Non-quantitative studies using culture enrichment and PCR have been able to isolate different Arcobacter spp. from secondary-treated wastewater effluent (Moreno et al., 2003; González et al., 2007, 2010; Collado et al., 2010; Levican et al., 2016). Average density of Arcobacter in a secondary treated water effluent entering a tertiary lagoon was 7.51x106 MPN/100 mL (Fernandez-Cassi et al., 2016) but higher values have also been reported (Levican et al., 2016). Despite the fact that significant numbers of viable Arcobacter may be released in secondary treated wastewater, drinking water treatment has been shown to be effective at removal of Arcobacter (Collado et al., 2010). For example, secondary treated wastewater containing live Arcobacter supplied to the intake of a drinking water treatment plant (DWTP), resulted in non-detects following flocculation, filtration, ozonation and chlorination treatment (Collado et al., 2010).

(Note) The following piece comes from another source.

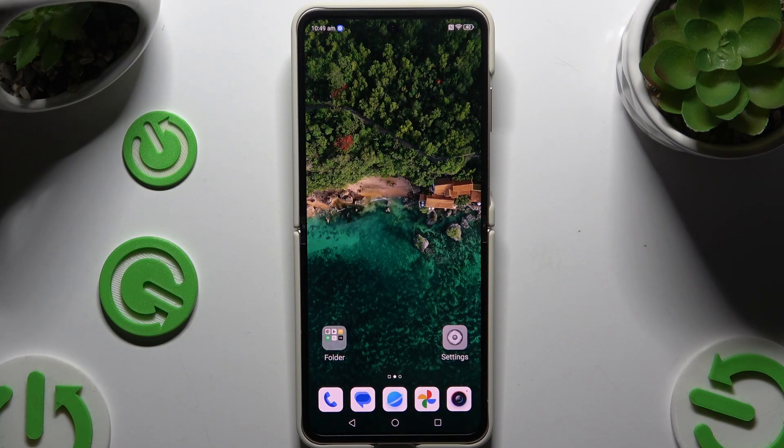In front of me is Nubiaflip, and today I would like to show you how you can set up screen lock.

Activated sludge treatment is effective at removal of Campylobacter, but Arcobacter only displayed a 2 log10 removal following clarification, while actually increasing by 2 log10 during the activation stage (Stampi et al., 1999). An earlier report looking specifically at A. cryaerophilus only showed a 1 log10 removal of culturable cells (Stampi et al., 1993). As there is a variety of Arcobacter spp. in sewage, this data may not be representative activated sludge treatment efficacy on different arcobacters.